Parse transformation in mapping data flow

APPLIES TO: Azure Data Factory Azure Synapse Analytics

Tip

Try out Data Factory in Microsoft Fabric, an all-in-one analytics solution for enterprises. Microsoft Fabric covers everything from data movement to data science, real-time analytics, business intelligence, and reporting. Learn how to start a new trial for free!

Data flows are available both in Azure Data Factory and Azure Synapse Pipelines. This article applies to mapping data flows. If you are new to transformations, please refer to the introductory article Transform data using a mapping data flow.

Use the Parse transformation to parse text columns in your data that are strings in document form. The current supported types of embedded documents that can be parsed are JSON, XML, and delimited text.

Configuration

In the parse transformation configuration panel, you first pick the type of data contained in the columns that you wish to parse inline. The parse transformation also contains the following configuration settings.

Parse settings

Column

Similar to derived columns and aggregates, the Column property is where you either modify an existing column by selecting it from the drop-down picker. Or you can type in the name of a new column here. ADF stores the parsed source data in this column. In most cases, you want to define a new column that parses the incoming embedded document string field.

Expression

Use the expression builder to set the source for your parsing. Setting the source can be as simple as just selecting the source column with the self-contained data that you wish to parse, or you can create complex expressions to parse.

Example expressions

  • Source string data: chrome|steel|plastic

    • Expression: (desc1 as string, desc2 as string, desc3 as string)
  • Source JSON data: {"ts":1409318650332,"userId":"309","sessionId":1879,"page":"NextSong","auth":"Logged In","method":"PUT","status":200,"level":"free","itemInSession":2,"registration":1384448}

    • Expression: (level as string, registration as long)
  • Source Nested JSON data: {"car" : {"model" : "camaro", "year" : 1989}, "color" : "white", "transmission" : "v8"}

    • Expression: (car as (model as string, year as integer), color as string, transmission as string)
  • Source XML data: <Customers><Customer>122</Customer><CompanyName>Great Lakes Food Market</CompanyName></Customers>

    • Expression: (Customers as (Customer as integer, CompanyName as string))
  • Source XML with Attribute data: <cars><car model="camaro"><year>1989</year></car></cars>

    • Expression: (cars as (car as ({@model} as string, year as integer)))
  • Expressions with reserved characters: { "best-score": { "section 1": 1234 } }

    • The above expression doesn't work since the '-' character in best-score is interpreted as a subtraction operation. Use a variable with bracket notation in these cases to tell the JSON engine to interpret the text literally:
      var bestScore = data["best-score"];
      { bestScore : { "section 1": 1234 } }
      
  • Note: If you run into errors extracting attributes (specifically, @model) from a complex type, a workaround is to convert the complex type to a string, remove the @ symbol (specifically, replace(toString(your_xml_string_parsed_column_name.cars.car),'@','') ), and then use the parse JSON transformation activity.

Output column type

Here's where you configure the target output schema from the parsing that is written into a single column. The easiest way to set a schema for your output from parsing is to select the 'Detect Type' button on the top right of the expression builder. ADF attempts to autodetect the schema from the string field, which you're parsing and set it for you in the output expression.

Parse example

In this example, we defined parsing of the incoming field "jsonString", which is plain text, but formatted as a JSON structure. We're going to store the parsed results as JSON in a new column called "json" with this schema:

(trade as boolean, customers as string[])

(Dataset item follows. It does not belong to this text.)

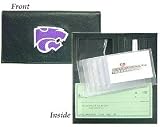 Kansas State Wildcats Embroidered Leather Checkbook Cover - COLLEGE ATHLETICS Sports Merchandise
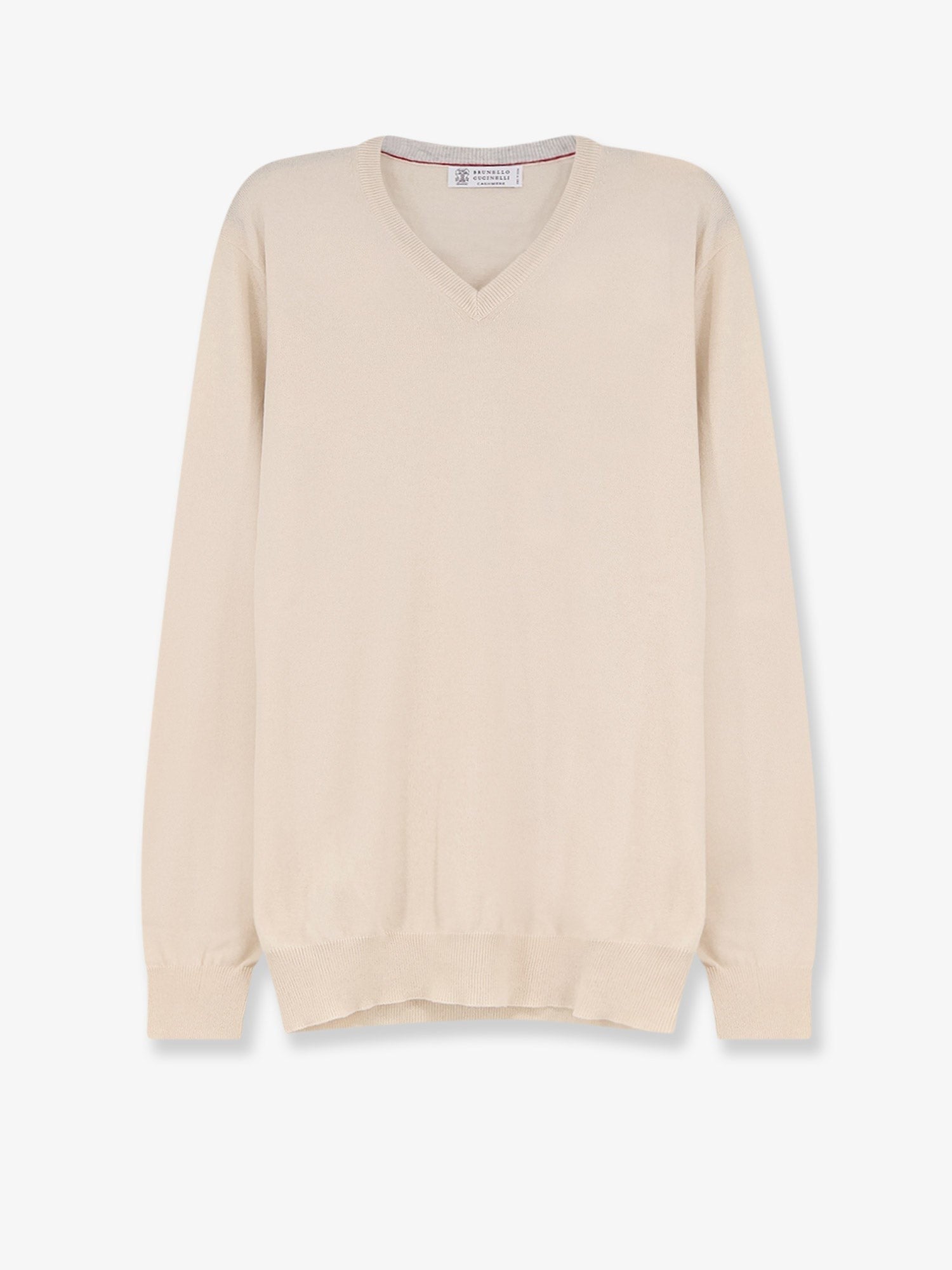 Brunello Cucinelli - Man - Beige - Knit Sweater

Refer to the inspect tab and data preview to verify your output is mapped properly.

Use the Derived Column activity to extract hierarchical data (that is, your_complex_column_name.car.model in the expression field)

Examples

source(output(
		name as string,
		location as string,
		satellites as string[],
		goods as (trade as boolean, customers as string[], orders as (orderId as string, orderTotal as double, shipped as (orderItems as (itemName as string, itemQty as string)[]))[])
	),
	allowSchemaDrift: true,
	validateSchema: false,
	ignoreNoFilesFound: false,
	documentForm: 'documentPerLine') ~> JsonSource
source(output(
		movieId as string,
		title as string,
		genres as string
	),
	allowSchemaDrift: true,
	validateSchema: false,
	ignoreNoFilesFound: false) ~> CsvSource
JsonSource derive(jsonString = toString(goods)) ~> StringifyJson
StringifyJson parse(json = jsonString ? (trade as boolean,
		customers as string[]),
	format: 'json',
	documentForm: 'arrayOfDocuments') ~> ParseJson
CsvSource derive(csvString = 'Id|name|year\n\'1\'|\'test1\'|\'1999\'') ~> CsvString
CsvString parse(csv = csvString ? (id as integer,
		name as string,
		year as string),
	format: 'delimited',
	columnNamesAsHeader: true,
	columnDelimiter: '|',
	nullValue: '',
	documentForm: 'documentPerLine') ~> ParseCsv
ParseJson select(mapColumn(
		jsonString,
		json
	),
	skipDuplicateMapInputs: true,
	skipDuplicateMapOutputs: true) ~> KeepStringAndParsedJson
ParseCsv select(mapColumn(
		csvString,
		csv
	),
	skipDuplicateMapInputs: true,
	skipDuplicateMapOutputs: true) ~> KeepStringAndParsedCsv

Data flow script

Syntax

Examples

parse(json = jsonString ? (trade as boolean,
                                customers as string[]),
                format: 'json|XML|delimited',
                documentForm: 'singleDocument') ~> ParseJson

parse(csv = csvString ? (id as integer,
                                name as string,
                                year as string),
                format: 'delimited',
                columnNamesAsHeader: true,
                columnDelimiter: '|',
                nullValue: '',
                documentForm: 'documentPerLine') ~> ParseCsv